▶ [YOUR OBJECTIVE]:
If a line contains "August 3, 2009.", it is the last one to write out; begin with the first line of the records and copy each exactly.
......
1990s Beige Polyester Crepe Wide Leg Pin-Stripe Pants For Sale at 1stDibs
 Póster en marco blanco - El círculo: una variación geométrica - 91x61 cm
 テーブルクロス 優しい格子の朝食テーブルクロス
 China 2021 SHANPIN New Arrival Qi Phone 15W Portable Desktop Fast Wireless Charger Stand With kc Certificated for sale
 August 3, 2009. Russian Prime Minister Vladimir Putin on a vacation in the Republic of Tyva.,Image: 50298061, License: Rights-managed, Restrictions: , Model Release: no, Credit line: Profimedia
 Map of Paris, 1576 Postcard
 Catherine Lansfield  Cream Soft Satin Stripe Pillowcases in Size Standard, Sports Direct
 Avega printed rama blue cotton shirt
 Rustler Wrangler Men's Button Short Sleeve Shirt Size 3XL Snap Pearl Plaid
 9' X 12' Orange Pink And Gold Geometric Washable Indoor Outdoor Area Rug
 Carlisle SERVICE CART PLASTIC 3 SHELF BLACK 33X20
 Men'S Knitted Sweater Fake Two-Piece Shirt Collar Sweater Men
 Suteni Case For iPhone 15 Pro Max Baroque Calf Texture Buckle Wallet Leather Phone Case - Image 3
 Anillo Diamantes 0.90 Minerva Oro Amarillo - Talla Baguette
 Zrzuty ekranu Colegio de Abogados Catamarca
......
▶ [YOUR RESPONSE]:
1990s Beige Polyester Crepe Wide Leg Pin-Stripe Pants For Sale at 1stDibs
 Póster en marco blanco - El círculo: una variación geométrica - 91x61 cm
 テーブルクロス 優しい格子の朝食テーブルクロス
 China 2021 SHANPIN New Arrival Qi Phone 15W Portable Desktop Fast Wireless Charger Stand With kc Certificated for sale
 August 3, 2009. Russian Prime Minister Vladimir Putin on a vacation in the Republic of Tyva.,Image: 50298061, License: Rights-managed, Restrictions: , Model Release: no, Credit line: Profimedia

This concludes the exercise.